Cherryl Floyd-Miller, also known as BLUE, is a poet, playwright, and fiber artist.

She is the 2006 inaugural winner of the Poetry Daily-Virginia Arts of the Book Companion Poems Contest. She has held writing fellowships or received grants from Poets & Writers, Inc., the Fulton County Arts Council, Idyllwild Summer in Poetry, Caldera, Cave Canem, the Vermont Studio Center and the Indiana Arts Commission. Her work appears in Poetry magazine, MiPOesias, Terminus, storySouth, Crab Orchard Review, and is forthcoming in the anthology The Ringing Ear: Black Poets Lean South (University of Georgia Press, 2007), edited by Nikky Finney.  

She has published two volumes of poetry. The first, Utterance: A Museology of Kin was a semifinalist for the 2001 Kathryn A. Morton Prize in Poetry and a 2002 finalist for the Naomi Long Madgett Poetry Award. Her second volume of poems, Chops (Nexus Press, 2004), won the 2005 Gold SEED Award and is housed in the permanent collection at the Museum of Modern Art. Her third collection, Exquisite Heats, is forthcoming from London-based Salt Publishing.  

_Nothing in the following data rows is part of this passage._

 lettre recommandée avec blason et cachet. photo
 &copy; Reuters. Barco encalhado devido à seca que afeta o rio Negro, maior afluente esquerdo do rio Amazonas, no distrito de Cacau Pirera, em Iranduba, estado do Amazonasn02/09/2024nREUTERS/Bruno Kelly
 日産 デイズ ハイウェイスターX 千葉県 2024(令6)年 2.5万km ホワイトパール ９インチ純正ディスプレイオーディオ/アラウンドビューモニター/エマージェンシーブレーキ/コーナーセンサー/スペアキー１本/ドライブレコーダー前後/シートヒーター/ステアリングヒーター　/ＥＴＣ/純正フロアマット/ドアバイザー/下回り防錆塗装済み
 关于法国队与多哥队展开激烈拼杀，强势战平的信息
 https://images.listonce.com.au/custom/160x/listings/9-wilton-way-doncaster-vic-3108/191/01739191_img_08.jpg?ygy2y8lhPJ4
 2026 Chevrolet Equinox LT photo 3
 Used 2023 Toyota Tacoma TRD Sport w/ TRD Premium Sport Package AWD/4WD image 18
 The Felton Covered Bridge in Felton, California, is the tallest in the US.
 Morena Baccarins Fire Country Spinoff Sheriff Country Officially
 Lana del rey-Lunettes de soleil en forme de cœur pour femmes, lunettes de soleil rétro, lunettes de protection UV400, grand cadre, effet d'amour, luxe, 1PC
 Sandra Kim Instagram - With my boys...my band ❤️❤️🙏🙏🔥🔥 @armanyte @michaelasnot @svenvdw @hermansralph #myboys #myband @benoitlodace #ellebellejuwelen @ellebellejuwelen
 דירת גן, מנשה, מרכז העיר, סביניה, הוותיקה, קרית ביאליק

Cherryl is currently polishing her fourth collection of poems, Hoofer, an imagined biographical exploration of American tap legend Gregory Hines. She is also writing and quilting for a collaborative fiber arts project titled “The Race Quilt,” which uses the poems and other writings of more than twenty writers to engage a dialogue about race in America.